◆ Supplied data ◆
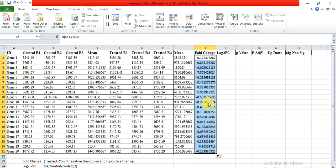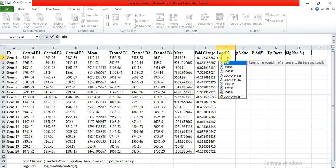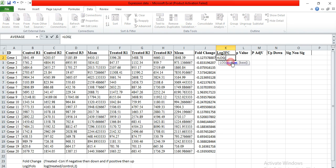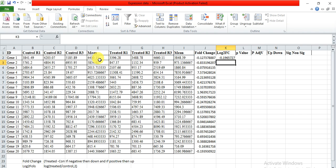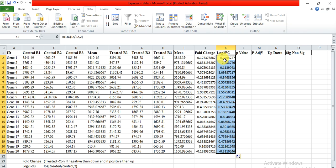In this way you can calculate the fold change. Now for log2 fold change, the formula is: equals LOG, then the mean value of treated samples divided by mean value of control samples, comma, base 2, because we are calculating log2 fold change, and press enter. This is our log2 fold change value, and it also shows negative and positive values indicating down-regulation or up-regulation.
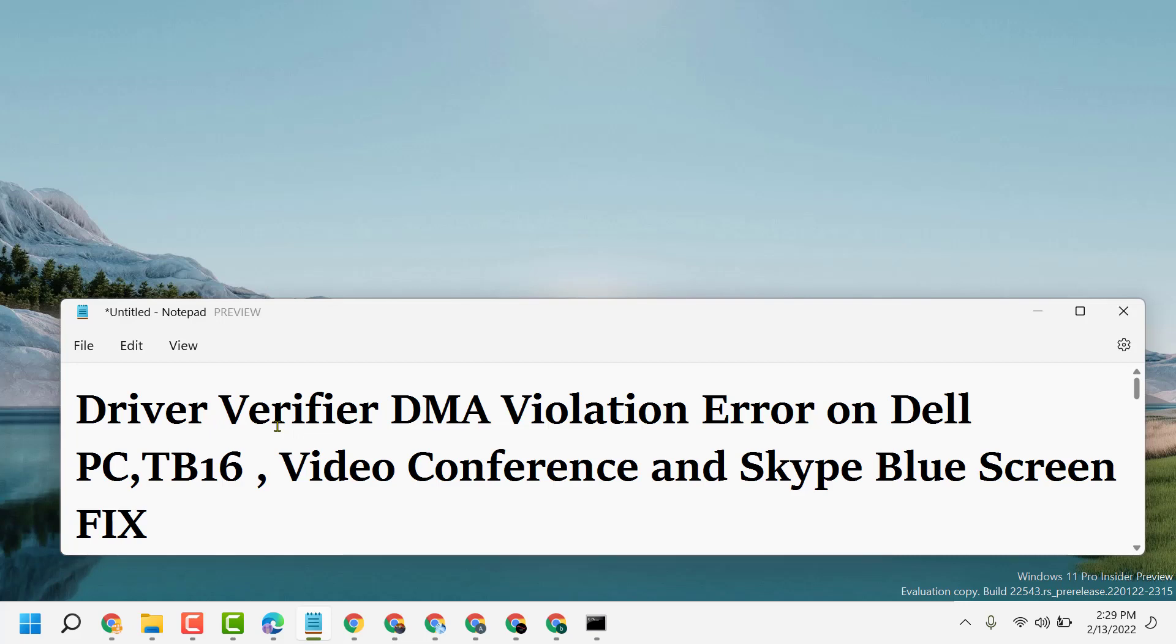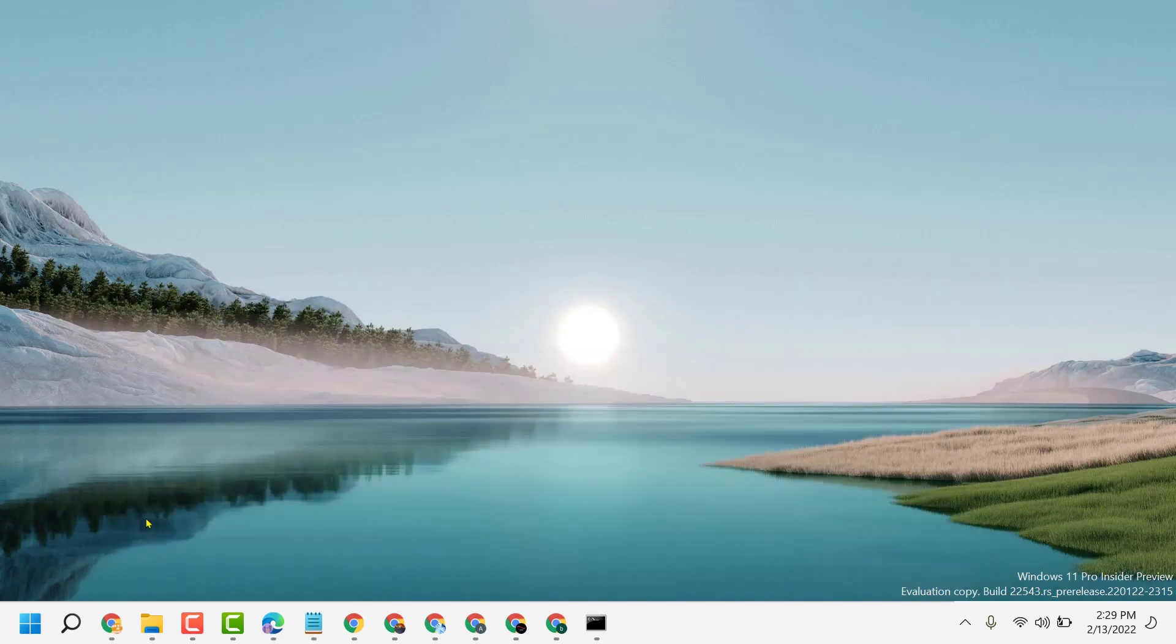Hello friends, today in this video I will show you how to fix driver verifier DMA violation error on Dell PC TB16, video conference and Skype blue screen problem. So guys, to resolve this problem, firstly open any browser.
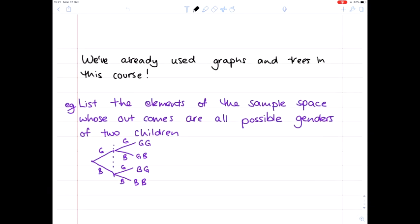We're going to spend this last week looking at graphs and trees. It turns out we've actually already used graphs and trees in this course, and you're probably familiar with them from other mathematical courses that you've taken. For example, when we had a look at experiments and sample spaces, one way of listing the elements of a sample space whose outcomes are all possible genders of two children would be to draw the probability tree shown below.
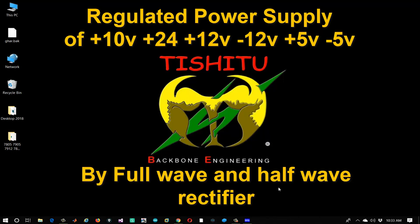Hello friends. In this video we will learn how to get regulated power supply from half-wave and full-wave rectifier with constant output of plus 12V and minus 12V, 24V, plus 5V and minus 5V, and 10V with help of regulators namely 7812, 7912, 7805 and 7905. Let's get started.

◆ Problem to work on ◆
Send back the listing exactly as it stands. Do not include the pictures.

◆ Your response ◆
In this way you can calculate the fold change. Now for log2 fold change, the formula is: equals LOG, then the mean value of treated samples divided by mean value of control samples, comma, base 2, because we are calculating log2 fold change, and press enter. This is our log2 fold change value, and it also shows negative and positive values indicating down-regulation or up-regulation.
Hello friends, today in this video I will show you how to fix driver verifier DMA violation error on Dell PC TB16, video conference and Skype blue screen problem. So guys, to resolve this problem, firstly open any browser.
We're going to spend this last week looking at graphs and trees. It turns out we've actually already used graphs and trees in this course, and you're probably familiar with them from other mathematical courses that you've taken. For example, when we had a look at experiments and sample spaces, one way of listing the elements of a sample space whose outcomes are all possible genders of two children would be to draw the probability tree shown below.
Hello friends. In this video we will learn how to get regulated power supply from half-wave and full-wave rectifier with constant output of plus 12V and minus 12V, 24V, plus 5V and minus 5V, and 10V with help of regulators namely 7812, 7912, 7805 and 7905. Let's get started.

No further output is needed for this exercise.